What is expected: Please find the line that holds "Visiontek Radeon R7" below and reproduce it, along with every line after it through the end, exactly and without pictures.

Material supplied:
-- Opening Marker --

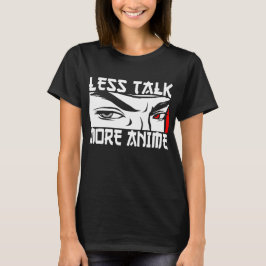Minder praatje meer animum - grappige Anime T-shirt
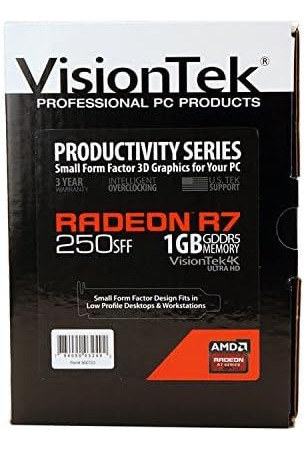 Visiontek Radeon R7 250 Sff 1gb Gddr5 (dvi -d, Hdmi, Vga*) T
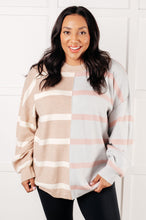 Load image into Gallery viewer, Exceptional Thought Striped Patchwork Sweater
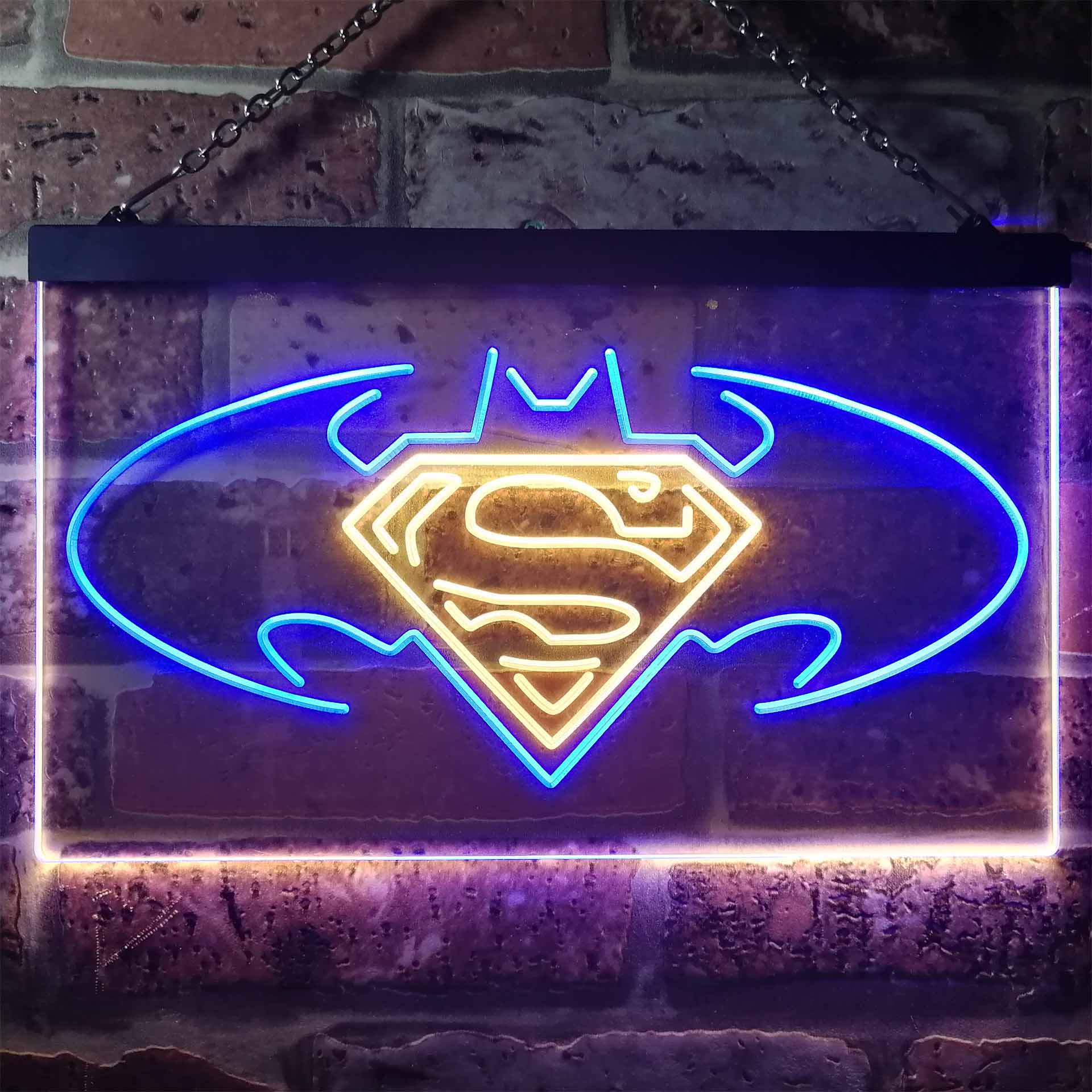 バットマンvsスーパーマンヒーローネオンLEDサイン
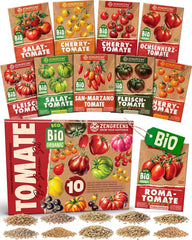 Organic Tomato Seeds in a Set of 10 - 10 Tomato Seeds for Easy Growing in the Garden, Balcony or Raised Bed - Plant Seeds - Seedlings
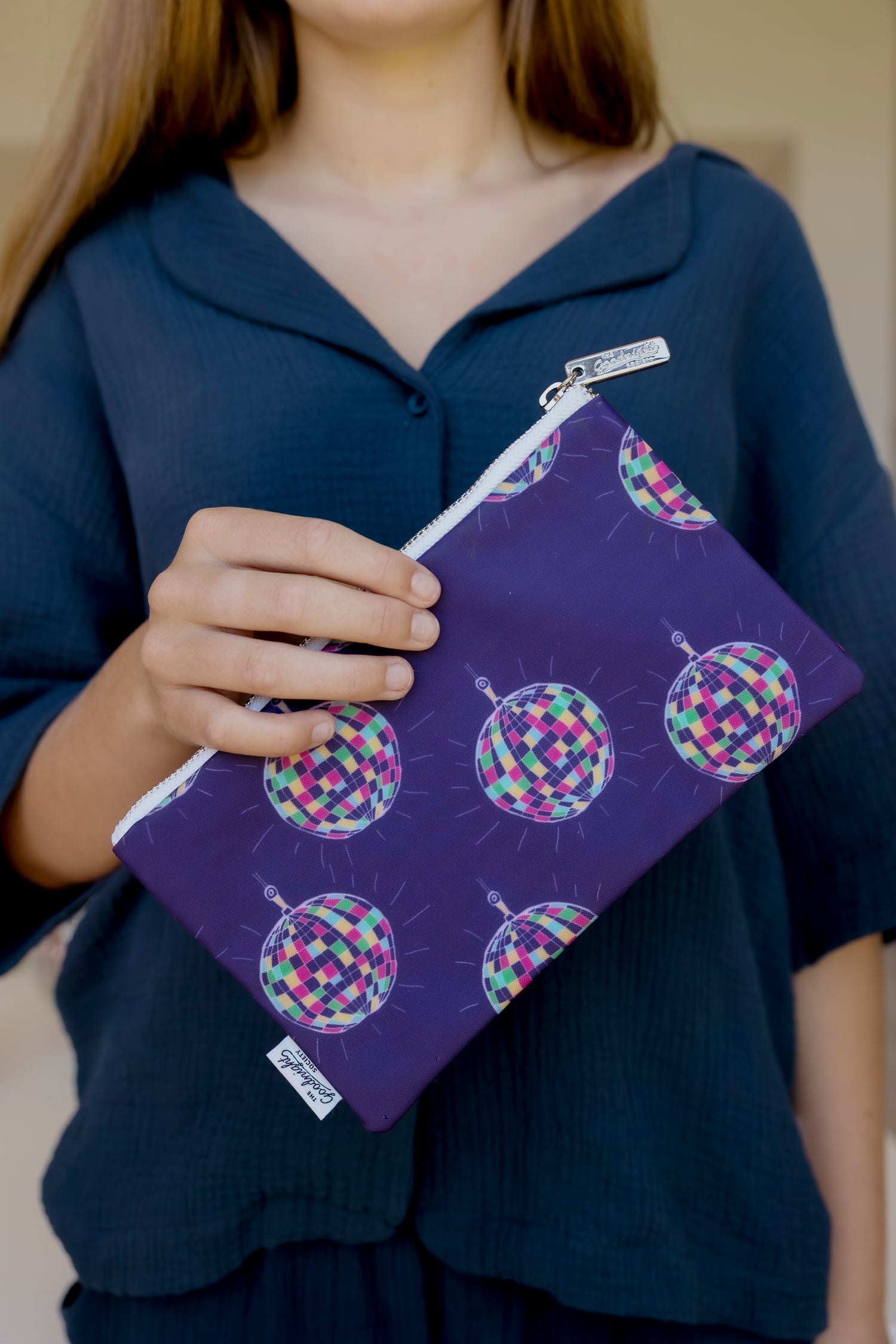 Medium Cosmetic Bag - Disco Ball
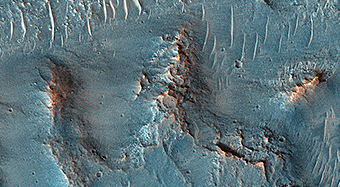 At the Head of a Kasei Valles Cataract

-- Closing Marker --

Response:
 Visiontek Radeon R7 250 Sff 1gb Gddr5 (dvi -d, Hdmi, Vga*) T
 Load image into Gallery viewer, Exceptional Thought Striped Patchwork Sweater
 バットマンvsスーパーマンヒーローネオンLEDサイン
 Organic Tomato Seeds in a Set of 10 - 10 Tomato Seeds for Easy Growing in the Garden, Balcony or Raised Bed - Plant Seeds - Seedlings
 Medium Cosmetic Bag - Disco Ball
 At the Head of a Kasei Valles Cataract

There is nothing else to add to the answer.